On espère toujours en effet que le vocabulaire et la syntaxe puissent se livrer, s'abandonner, dans un équivalent de ce qui se passe sur la toile, mais face à cette peinture qui nous attrape, la parole hésite et se contorsionne là où la peinture au contraire s'offre soudainement.

Lors de ma dernière visite dans l'atelier de Jérôme Boutterin, j'ai vécu à nouveau cette promenade de la langue qui s'efforce de décrire les coulures, les jus, les effets de brosse, la charge du pigment ou sa liquide dissolution en vagues, flaques, en nappes, rebonds et retours, reprises, recouvrements, je vous fais grâce de la longue liste d'équivalents possibles, qui peuvent faire surface dans le vocabulaire. Car il y a dans les oeuvres de Jérôme Boutterin cette profusion qu'on pourrait qualifier de "vitaliste", qui, si elle n'est plus vraiment d'actualité dans la science, reste opérante pour parler de ses peintures. Ce sentiment que quelque chose les anime vraiment vient du geste qu'on retrouve quasi systématiquement présent dans ses oeuvres. Pas celui du corps "existentialiste" qui serait engagé tout entier dans la toile, mais ce mouvement nerveux, qui engage la seule motricité de l'avant bras et qui sert tout autant à saluer, qu'à faire un bras d'honneur.
Ce geste, Jérôme Boutterin s'en méfie, tant il peut devenir une mimique, une sorte de signature qui vaut "certificat d'authenticité" de l'empreinte de l'Artiste glorifié par l'histoire de l'art.
Dans ces toiles, il s'agit d'un geste, disons "décomplexé", à défaut de trouver un meilleur terme, et qui trouve sa source première un peu partout : dans la bande-dessinée, dans la grande peinture, dans la cuisine, la rue, et peut-être plus simplement je crois, dans la vie.
On le retrouve chez lui à bonne échelle, teinté d'un certain humour et d'une essence de légèreté, notamment dans des formes un peu plus amples qui semblent "conclure" plusieurs de ses oeuvres, et qui prennent une apparence "courgetoïde" ou "auberginoïde".

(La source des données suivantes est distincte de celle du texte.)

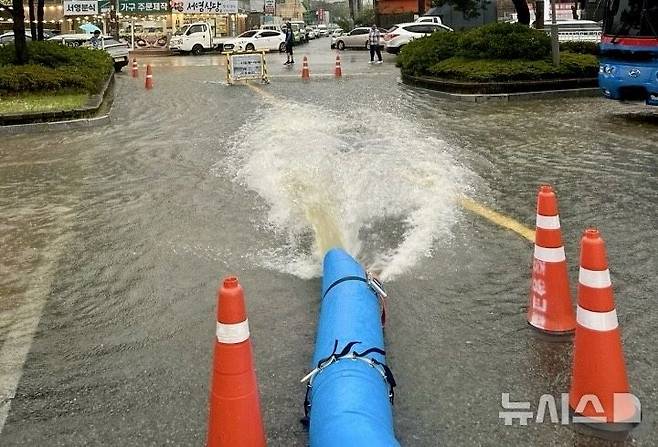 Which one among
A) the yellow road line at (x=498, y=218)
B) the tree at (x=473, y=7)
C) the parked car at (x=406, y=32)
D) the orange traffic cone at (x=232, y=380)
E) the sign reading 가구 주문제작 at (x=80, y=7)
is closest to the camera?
the orange traffic cone at (x=232, y=380)

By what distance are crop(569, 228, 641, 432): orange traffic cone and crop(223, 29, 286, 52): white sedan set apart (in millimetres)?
42549

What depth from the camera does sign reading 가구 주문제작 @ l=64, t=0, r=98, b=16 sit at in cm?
4856

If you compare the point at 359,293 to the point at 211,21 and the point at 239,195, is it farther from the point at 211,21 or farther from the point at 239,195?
the point at 211,21

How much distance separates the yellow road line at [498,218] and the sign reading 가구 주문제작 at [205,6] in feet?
164

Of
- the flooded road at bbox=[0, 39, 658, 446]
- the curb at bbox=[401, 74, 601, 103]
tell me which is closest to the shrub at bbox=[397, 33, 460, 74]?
the curb at bbox=[401, 74, 601, 103]

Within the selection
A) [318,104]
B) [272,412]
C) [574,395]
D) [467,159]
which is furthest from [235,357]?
[318,104]

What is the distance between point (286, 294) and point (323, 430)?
250 cm

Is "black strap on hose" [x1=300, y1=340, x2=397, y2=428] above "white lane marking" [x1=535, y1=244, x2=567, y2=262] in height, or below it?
below

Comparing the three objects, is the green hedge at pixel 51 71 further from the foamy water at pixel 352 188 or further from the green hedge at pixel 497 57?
the green hedge at pixel 497 57

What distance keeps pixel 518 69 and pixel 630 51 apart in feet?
15.6

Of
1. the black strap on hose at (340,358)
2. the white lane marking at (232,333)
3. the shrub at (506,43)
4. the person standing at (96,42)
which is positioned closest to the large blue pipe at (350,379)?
Answer: the black strap on hose at (340,358)

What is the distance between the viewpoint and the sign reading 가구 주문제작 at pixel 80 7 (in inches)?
1912

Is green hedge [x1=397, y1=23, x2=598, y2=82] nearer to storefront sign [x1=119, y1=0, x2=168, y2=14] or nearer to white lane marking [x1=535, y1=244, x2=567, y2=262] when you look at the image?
white lane marking [x1=535, y1=244, x2=567, y2=262]

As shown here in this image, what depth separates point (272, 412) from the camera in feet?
12.2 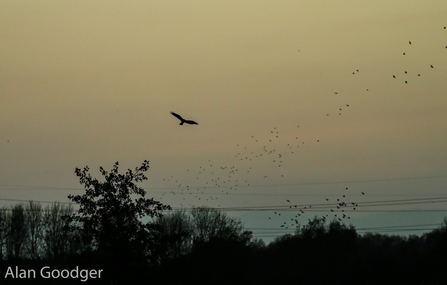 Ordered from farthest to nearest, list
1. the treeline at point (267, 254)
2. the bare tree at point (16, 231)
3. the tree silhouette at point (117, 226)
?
the bare tree at point (16, 231) → the treeline at point (267, 254) → the tree silhouette at point (117, 226)

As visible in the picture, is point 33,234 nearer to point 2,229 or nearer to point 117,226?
point 2,229

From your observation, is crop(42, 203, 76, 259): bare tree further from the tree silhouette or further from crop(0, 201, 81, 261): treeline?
the tree silhouette

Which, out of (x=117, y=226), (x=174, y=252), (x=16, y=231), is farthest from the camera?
(x=16, y=231)

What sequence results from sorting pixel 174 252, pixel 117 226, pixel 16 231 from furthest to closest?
pixel 16 231 < pixel 174 252 < pixel 117 226

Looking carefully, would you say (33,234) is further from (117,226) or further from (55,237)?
(117,226)

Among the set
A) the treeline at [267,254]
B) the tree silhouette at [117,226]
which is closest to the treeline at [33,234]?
the treeline at [267,254]

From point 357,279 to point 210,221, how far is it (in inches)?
1401

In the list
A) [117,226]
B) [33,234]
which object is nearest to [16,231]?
[33,234]

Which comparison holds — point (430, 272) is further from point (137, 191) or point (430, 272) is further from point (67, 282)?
point (137, 191)

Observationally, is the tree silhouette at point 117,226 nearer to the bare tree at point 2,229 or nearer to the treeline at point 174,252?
the treeline at point 174,252

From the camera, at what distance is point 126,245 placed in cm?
3325

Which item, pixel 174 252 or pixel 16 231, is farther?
pixel 16 231

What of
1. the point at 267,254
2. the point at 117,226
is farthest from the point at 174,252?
the point at 117,226

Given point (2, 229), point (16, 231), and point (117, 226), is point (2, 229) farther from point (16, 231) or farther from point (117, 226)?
point (117, 226) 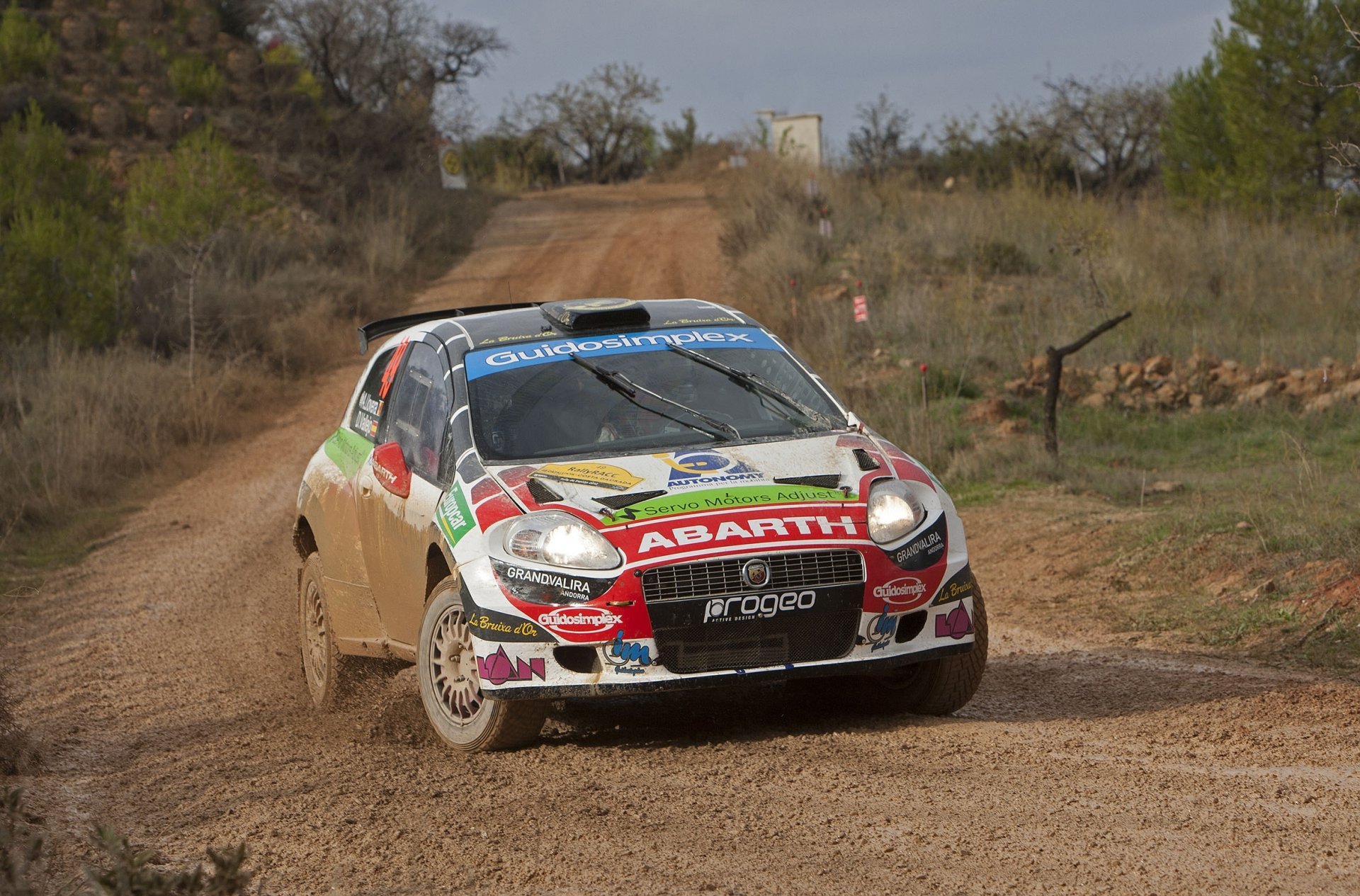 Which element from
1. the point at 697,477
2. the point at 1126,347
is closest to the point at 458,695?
the point at 697,477

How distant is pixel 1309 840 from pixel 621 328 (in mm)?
3777

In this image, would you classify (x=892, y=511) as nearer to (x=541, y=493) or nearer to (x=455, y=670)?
(x=541, y=493)

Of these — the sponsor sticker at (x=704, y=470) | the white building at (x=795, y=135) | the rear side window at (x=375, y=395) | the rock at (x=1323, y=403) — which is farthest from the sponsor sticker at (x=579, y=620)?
the white building at (x=795, y=135)

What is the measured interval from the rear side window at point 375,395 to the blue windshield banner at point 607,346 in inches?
33.0

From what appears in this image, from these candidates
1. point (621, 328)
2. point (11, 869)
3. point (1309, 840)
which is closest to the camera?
point (11, 869)

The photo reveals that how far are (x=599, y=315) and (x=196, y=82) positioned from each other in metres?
33.7

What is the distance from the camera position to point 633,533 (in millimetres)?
5148

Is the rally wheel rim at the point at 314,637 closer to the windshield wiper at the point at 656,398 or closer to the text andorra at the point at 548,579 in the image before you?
the windshield wiper at the point at 656,398

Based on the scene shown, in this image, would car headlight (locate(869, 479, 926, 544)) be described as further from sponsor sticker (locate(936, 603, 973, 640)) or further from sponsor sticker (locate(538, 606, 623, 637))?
sponsor sticker (locate(538, 606, 623, 637))

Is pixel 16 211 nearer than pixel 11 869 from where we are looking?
No

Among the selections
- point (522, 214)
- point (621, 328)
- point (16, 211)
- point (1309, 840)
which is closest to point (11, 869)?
Answer: point (1309, 840)

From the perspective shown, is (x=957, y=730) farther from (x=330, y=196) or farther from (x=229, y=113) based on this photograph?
(x=229, y=113)

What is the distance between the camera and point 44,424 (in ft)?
52.6

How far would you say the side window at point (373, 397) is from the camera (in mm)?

En réalité, le mot "conclure" que j'emploie ici est un peu prétentieux : pour l'utiliser, il faudrait pouvoir déterminer avec un peu d'assurance l'ordre dans lequel Jérôme Boutterin construit ses toiles, et c'est à peu près impossible. C'est pourtant un exercice de déconstruction auquel on se prête rapidement devant son travail ; on prend, presque malgré nous, une machine à remonter le temps pour débusquer l'origine chronologique de tel staccato de brosse, de telle syncope de petits jus juxtaposés, ou de ce nuage en appoggiature. Le chef d'orchestre était à la manoeuvre, il vient chercher en nous les mélomanes avisés du regard... On regarde donc, on ausculte, on refait le chemin de toute cette composition qui se livre à la fois d'un coup - l'unicité de la couleur y contribue pour beaucoup- et qui ensuite se fragmente et se ramifie sous notre enquête. C'est un peu comme un feu d'artifice dont on verrait simultanément l'explosion et toutes les cascades animées, mais sans aucun déballage virtuose : en effet, il ne cherche, ni à démontrer quoi que ce soit, ni à mystifier quiconque.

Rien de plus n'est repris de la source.